▶ **Task item**
Make an exact copy of every record that follows.
#### Records for this task
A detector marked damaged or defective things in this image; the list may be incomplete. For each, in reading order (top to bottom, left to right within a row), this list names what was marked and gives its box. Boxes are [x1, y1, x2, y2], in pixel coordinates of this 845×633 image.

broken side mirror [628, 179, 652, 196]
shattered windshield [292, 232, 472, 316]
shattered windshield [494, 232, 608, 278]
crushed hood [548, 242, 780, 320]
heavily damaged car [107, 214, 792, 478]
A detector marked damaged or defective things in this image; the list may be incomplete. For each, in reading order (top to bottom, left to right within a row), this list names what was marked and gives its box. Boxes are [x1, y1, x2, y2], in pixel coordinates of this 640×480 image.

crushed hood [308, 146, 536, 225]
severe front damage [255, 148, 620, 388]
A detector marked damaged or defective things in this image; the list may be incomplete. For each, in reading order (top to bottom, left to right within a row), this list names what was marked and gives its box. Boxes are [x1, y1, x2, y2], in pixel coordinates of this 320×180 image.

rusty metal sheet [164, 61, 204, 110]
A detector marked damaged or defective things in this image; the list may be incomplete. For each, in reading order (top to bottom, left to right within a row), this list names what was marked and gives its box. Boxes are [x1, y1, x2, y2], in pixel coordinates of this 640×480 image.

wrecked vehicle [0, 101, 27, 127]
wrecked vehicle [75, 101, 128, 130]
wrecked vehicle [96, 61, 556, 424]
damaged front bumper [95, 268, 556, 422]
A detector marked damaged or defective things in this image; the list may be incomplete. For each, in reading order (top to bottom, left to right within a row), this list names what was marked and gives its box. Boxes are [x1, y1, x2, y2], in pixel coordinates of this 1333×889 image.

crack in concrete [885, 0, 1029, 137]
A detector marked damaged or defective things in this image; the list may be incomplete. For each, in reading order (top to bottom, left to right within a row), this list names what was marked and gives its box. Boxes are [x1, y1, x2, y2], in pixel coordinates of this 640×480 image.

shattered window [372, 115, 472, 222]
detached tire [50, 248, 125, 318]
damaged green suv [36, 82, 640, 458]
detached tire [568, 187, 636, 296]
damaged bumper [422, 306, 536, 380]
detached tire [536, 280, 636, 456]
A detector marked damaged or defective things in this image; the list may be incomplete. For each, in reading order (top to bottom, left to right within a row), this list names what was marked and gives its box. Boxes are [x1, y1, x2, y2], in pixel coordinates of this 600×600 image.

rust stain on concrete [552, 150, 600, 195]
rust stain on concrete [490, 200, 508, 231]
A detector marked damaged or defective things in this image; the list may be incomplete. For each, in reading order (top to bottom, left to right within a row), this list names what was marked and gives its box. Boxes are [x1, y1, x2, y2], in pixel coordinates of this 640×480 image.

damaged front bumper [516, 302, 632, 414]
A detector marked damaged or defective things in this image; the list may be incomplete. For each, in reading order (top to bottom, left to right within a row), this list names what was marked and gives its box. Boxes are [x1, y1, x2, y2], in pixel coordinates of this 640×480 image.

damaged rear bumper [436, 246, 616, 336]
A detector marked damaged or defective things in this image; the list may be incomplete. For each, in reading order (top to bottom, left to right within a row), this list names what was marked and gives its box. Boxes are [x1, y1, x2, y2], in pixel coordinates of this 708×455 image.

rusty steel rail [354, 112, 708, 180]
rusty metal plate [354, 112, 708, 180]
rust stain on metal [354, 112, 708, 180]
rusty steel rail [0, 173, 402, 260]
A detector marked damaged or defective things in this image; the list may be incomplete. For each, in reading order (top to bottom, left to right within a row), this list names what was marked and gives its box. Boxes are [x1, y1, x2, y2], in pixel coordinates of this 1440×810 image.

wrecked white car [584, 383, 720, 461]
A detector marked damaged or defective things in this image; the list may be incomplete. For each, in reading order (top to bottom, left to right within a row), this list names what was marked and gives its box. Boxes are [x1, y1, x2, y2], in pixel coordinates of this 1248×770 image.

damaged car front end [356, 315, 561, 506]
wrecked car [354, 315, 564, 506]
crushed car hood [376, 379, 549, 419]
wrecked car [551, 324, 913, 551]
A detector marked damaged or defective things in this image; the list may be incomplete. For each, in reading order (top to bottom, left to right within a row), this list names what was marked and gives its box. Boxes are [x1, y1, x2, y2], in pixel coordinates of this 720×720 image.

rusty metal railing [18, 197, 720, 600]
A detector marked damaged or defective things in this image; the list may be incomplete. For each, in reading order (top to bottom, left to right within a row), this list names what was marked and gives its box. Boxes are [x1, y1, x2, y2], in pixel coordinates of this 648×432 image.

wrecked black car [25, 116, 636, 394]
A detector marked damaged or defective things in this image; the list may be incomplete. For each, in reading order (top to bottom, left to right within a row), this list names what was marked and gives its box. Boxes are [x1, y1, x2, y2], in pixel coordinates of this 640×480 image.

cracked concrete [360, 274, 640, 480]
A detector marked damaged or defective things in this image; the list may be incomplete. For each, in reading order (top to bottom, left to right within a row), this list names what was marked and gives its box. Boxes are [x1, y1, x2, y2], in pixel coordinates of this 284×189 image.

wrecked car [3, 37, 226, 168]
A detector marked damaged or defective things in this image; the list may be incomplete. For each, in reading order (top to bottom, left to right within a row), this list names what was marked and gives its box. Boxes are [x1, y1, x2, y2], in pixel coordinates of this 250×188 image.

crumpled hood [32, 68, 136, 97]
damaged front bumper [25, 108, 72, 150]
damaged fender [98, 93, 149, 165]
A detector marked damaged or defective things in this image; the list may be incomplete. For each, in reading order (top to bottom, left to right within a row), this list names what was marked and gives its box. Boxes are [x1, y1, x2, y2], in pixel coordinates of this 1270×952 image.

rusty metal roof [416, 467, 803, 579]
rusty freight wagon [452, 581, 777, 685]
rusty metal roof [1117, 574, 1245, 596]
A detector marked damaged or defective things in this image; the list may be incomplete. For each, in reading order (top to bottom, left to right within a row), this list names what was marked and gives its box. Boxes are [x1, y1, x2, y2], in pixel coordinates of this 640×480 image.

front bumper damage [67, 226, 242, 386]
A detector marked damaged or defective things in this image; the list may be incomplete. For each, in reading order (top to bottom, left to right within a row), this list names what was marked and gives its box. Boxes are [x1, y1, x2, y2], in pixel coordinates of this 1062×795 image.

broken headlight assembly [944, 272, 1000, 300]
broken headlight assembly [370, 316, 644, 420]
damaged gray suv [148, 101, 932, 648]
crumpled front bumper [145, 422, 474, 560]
########
▶ **Exercise solution**
A detector marked damaged or defective things in this image; the list may be incomplete. For each, in reading order (top to bottom, left to right within a row), this list names what was marked and gives its box. Boxes are [x1, y1, x2, y2], in pixel coordinates of this 845×633 image.

broken side mirror [628, 179, 652, 196]
shattered windshield [292, 232, 472, 316]
shattered windshield [494, 232, 608, 278]
crushed hood [548, 242, 780, 320]
heavily damaged car [107, 214, 792, 478]
A detector marked damaged or defective things in this image; the list may be incomplete. For each, in reading order (top to bottom, left to right within a row), this list names what was marked and gives its box. Boxes are [x1, y1, x2, y2], in pixel coordinates of this 640×480 image.

crushed hood [308, 146, 536, 225]
severe front damage [255, 148, 620, 388]
A detector marked damaged or defective things in this image; the list may be incomplete. For each, in reading order (top to bottom, left to right within a row), this list names what was marked and gives its box. Boxes are [x1, y1, x2, y2], in pixel coordinates of this 320×180 image.

rusty metal sheet [164, 61, 204, 110]
A detector marked damaged or defective things in this image; the list may be incomplete. For each, in reading order (top to bottom, left to right within a row), this list names what was marked and gives its box. Boxes are [x1, y1, x2, y2], in pixel coordinates of this 640×480 image.

wrecked vehicle [0, 101, 27, 127]
wrecked vehicle [75, 101, 128, 130]
wrecked vehicle [96, 61, 556, 424]
damaged front bumper [95, 268, 556, 422]
A detector marked damaged or defective things in this image; the list may be incomplete. For each, in reading order (top to bottom, left to right within a row), this list names what was marked and gives its box. Boxes are [x1, y1, x2, y2], in pixel coordinates of this 1333×889 image.

crack in concrete [885, 0, 1029, 137]
A detector marked damaged or defective things in this image; the list may be incomplete. For each, in reading order (top to bottom, left to right within a row), this list names what was marked and gives its box. Boxes are [x1, y1, x2, y2], in pixel coordinates of this 640×480 image.

shattered window [372, 115, 472, 222]
detached tire [50, 248, 125, 318]
damaged green suv [36, 82, 640, 458]
detached tire [568, 187, 636, 296]
damaged bumper [422, 306, 536, 380]
detached tire [536, 280, 636, 456]
A detector marked damaged or defective things in this image; the list may be incomplete. For each, in reading order (top to bottom, left to right within a row), this list names what was marked and gives its box. Boxes are [x1, y1, x2, y2], in pixel coordinates of this 600×600 image.

rust stain on concrete [552, 150, 600, 195]
rust stain on concrete [490, 200, 508, 231]
A detector marked damaged or defective things in this image; the list may be incomplete. For each, in reading order (top to bottom, left to right within a row), this list names what was marked and gives its box. Boxes are [x1, y1, x2, y2], in pixel coordinates of this 640×480 image.

damaged front bumper [516, 302, 632, 414]
A detector marked damaged or defective things in this image; the list may be incomplete. For each, in reading order (top to bottom, left to right within a row), this list names what was marked and gives its box. Boxes are [x1, y1, x2, y2], in pixel coordinates of this 640×480 image.

damaged rear bumper [436, 246, 616, 336]
A detector marked damaged or defective things in this image; the list may be incomplete. For each, in reading order (top to bottom, left to right within a row), this list names what was marked and gives its box. Boxes are [x1, y1, x2, y2], in pixel coordinates of this 708×455 image.

rusty steel rail [354, 112, 708, 180]
rusty metal plate [354, 112, 708, 180]
rust stain on metal [354, 112, 708, 180]
rusty steel rail [0, 173, 402, 260]
A detector marked damaged or defective things in this image; the list may be incomplete. For each, in reading order (top to bottom, left to right within a row), this list names what was marked and gives its box. Boxes are [x1, y1, x2, y2], in pixel coordinates of this 1440×810 image.

wrecked white car [584, 383, 720, 461]
A detector marked damaged or defective things in this image; the list may be incomplete. For each, in reading order (top to bottom, left to right within a row), this list names what was marked and gives its box. Boxes are [x1, y1, x2, y2], in pixel coordinates of this 1248×770 image.

damaged car front end [356, 315, 561, 506]
wrecked car [354, 315, 564, 506]
crushed car hood [376, 379, 549, 419]
wrecked car [551, 324, 913, 551]
A detector marked damaged or defective things in this image; the list may be incomplete. For each, in reading order (top to bottom, left to right within a row), this list names what was marked and gives its box. Boxes are [x1, y1, x2, y2], in pixel coordinates of this 720×720 image.

rusty metal railing [18, 197, 720, 600]
A detector marked damaged or defective things in this image; the list may be incomplete. For each, in reading order (top to bottom, left to right within a row), this list names what was marked and gives its box. Boxes are [x1, y1, x2, y2], in pixel coordinates of this 648×432 image.

wrecked black car [25, 116, 636, 394]
A detector marked damaged or defective things in this image; the list may be incomplete. For each, in reading order (top to bottom, left to right within a row), this list names what was marked and gives its box. Boxes are [x1, y1, x2, y2], in pixel coordinates of this 640×480 image.

cracked concrete [360, 274, 640, 480]
A detector marked damaged or defective things in this image; the list may be incomplete. For each, in reading order (top to bottom, left to right within a row), this list names what was marked and gives its box. Boxes are [x1, y1, x2, y2], in pixel coordinates of this 284×189 image.

wrecked car [3, 37, 226, 168]
A detector marked damaged or defective things in this image; the list may be incomplete. For each, in reading order (top to bottom, left to right within a row), this list names what was marked and gives its box. Boxes are [x1, y1, x2, y2], in pixel coordinates of this 250×188 image.

crumpled hood [32, 68, 136, 97]
damaged front bumper [25, 108, 72, 150]
damaged fender [98, 93, 149, 165]
A detector marked damaged or defective things in this image; the list may be incomplete. For each, in reading order (top to bottom, left to right within a row), this list names what was marked and gives its box. Boxes are [x1, y1, x2, y2], in pixel coordinates of this 1270×952 image.

rusty metal roof [416, 467, 803, 579]
rusty freight wagon [452, 581, 777, 685]
rusty metal roof [1117, 574, 1245, 596]
A detector marked damaged or defective things in this image; the list may be incomplete. For each, in reading order (top to bottom, left to right within a row), this list names what was marked and gives its box. Boxes are [x1, y1, x2, y2], in pixel coordinates of this 640×480 image.

front bumper damage [67, 226, 242, 386]
A detector marked damaged or defective things in this image; the list may be incomplete. For each, in reading order (top to bottom, left to right within a row), this list names what was marked and gives its box. Boxes are [x1, y1, x2, y2], in pixel coordinates of this 1062×795 image.

broken headlight assembly [944, 272, 1000, 300]
broken headlight assembly [370, 316, 644, 420]
damaged gray suv [148, 101, 932, 648]
crumpled front bumper [145, 422, 474, 560]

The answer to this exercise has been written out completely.